Fear of contracting the virus left many without adequate medical care in the past 2 years and they are now visiting hospitals in a worse state than it otherwise could have been, leading to a surge in demand for space and more specialist services, according to a doctor of one of the government hospitals quoted by CNA:
“A lot of older people didn’t go to see a GP doctor or get their medications refilled during the Covid-19 pandemic, and just let it lapse for whatever reason,” said one senior doctor who works at a public hospital. “So the patients who are coming in are sicker and because of that, they have to stay in the hospital.”
Other industries showing a visible growth in demand for workforce appear to also be reflecting the return to post-pandemic normalcy (with all of its good and bad consequences) and in-person services — in tourism, entertainment, retail or real estate (amidst a high demand for properties).
Harder life for hard skills
On the opposite end, the list of professions reporting the largest drops in job offers is dominated by those requiring hard — technical — skills, particularly in specialized engineering (chemical, mechanical, industrial) as well as more physical jobs in production, manufacturing, construction and maintenance.
- Chemical engineering (-40.1%)
- Childcare (-27.7%)
- Mechanical engineering (-21.6%)
- Construction (-19.6%)
- Beauty & wellness (-16.4%)
- Civil engineering (-12.2%)
- Medical technician (-11%)
- Industrial engineering (-10.7%)
- Production & manufacturing (-10.7%)
- Cleaning & sanitation (-9.8%)
A noticeable drop in demand for childcare providers is a little perplexing, given that return to in-person work should result in greater need for their services. That said, it may very well be so due to the fact that the market has already adjusted to the new normal in the preceding month (as childcare is one of the fundamental services needed by working parents and, thus, has filled its vacancies much earlier).
Remote work in retreat
One of the most interesting trends — though likely not welcome by most job seekers – is the continued fall in jobs offering some degree of remote work from home.
While it is an imperfect measure (i.e. tracking the keywords in job offers), Indeed is reporting that only 5.2% of listings contained reference to remote work by end of August 2022 — down from 11.1% in early December of 2021.
This is despite rather stable interest among job seekers, with 3.9% of all searches executed via the platform still referencing remote work or other flexible arrangements — which is around the peak that Indeed reported earlier in the year.
Calm before the storm?
The way things look today it seems that Singapore has pretty much rebounded from the pandemic. GDP is growing, unemployment is low, job offers have bounced back and now remain at a stable, healthy level.
Inflation bites, though unevenly and, on the whole, not as much here as anywhere else in the world where prices have been galloping upwards by double digits.

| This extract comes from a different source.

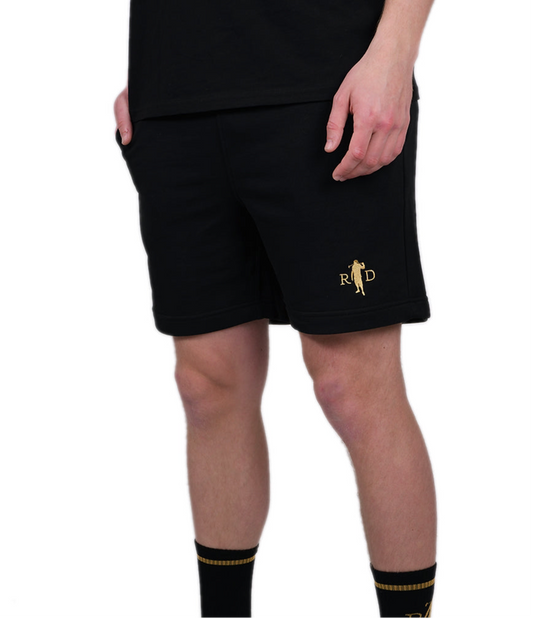 Turnhose Kurz mit Arschtasche  Schwarz R&D Logo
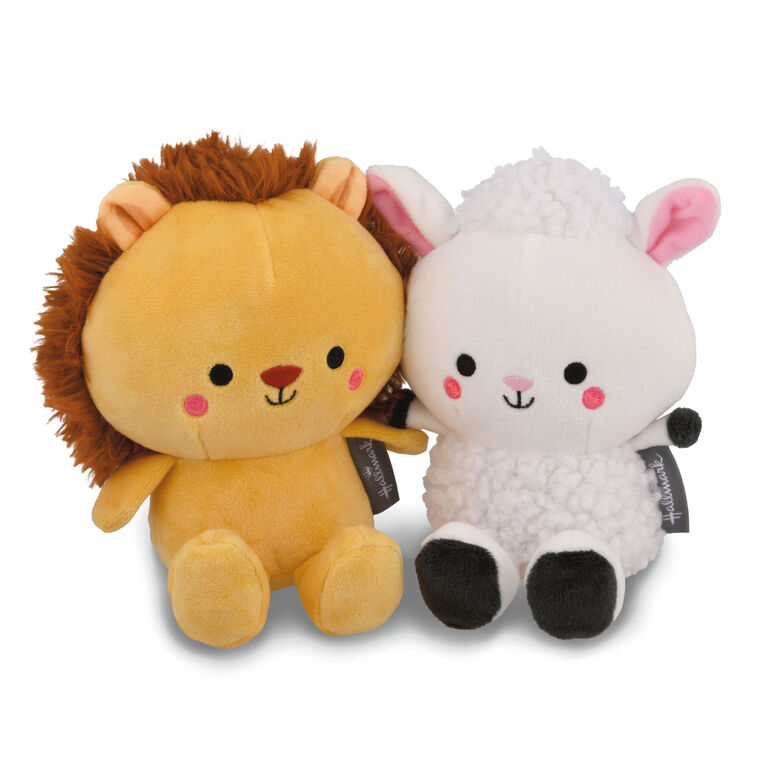 Better Together Lion and Lamb Magnetic Plush Pair, 5.25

That said, as American Fed is expected to raise interest rates again in November, the risk of a recession in 2023 remains high – and for a country as dependent on international trade as Singapore is it may spell some trouble.
Perhaps not so much an economic disaster but unpleasant volatility, economic turbulence which may throw quite a few people out of their jobs into uncertainty as the global economy tries to find a new normal.
There remain many unknowns that make accurate predictions very hard – if not impossible.
Chinese economic policy during Xi Jinping’s 3rd term, midterm elections in the USA, which are almost certain to turn Biden into a lame-duck president, as Republicans are poised to take both chambers of Congress; the outcome of Russian war in Ukraine and the looming winter which, depending on temperatures, may either hurt or barely scratch European economies.
The next six to nine months are among the most important in decades, having impact on the entire world – and individual job-seekers in Singapore will not be an exception.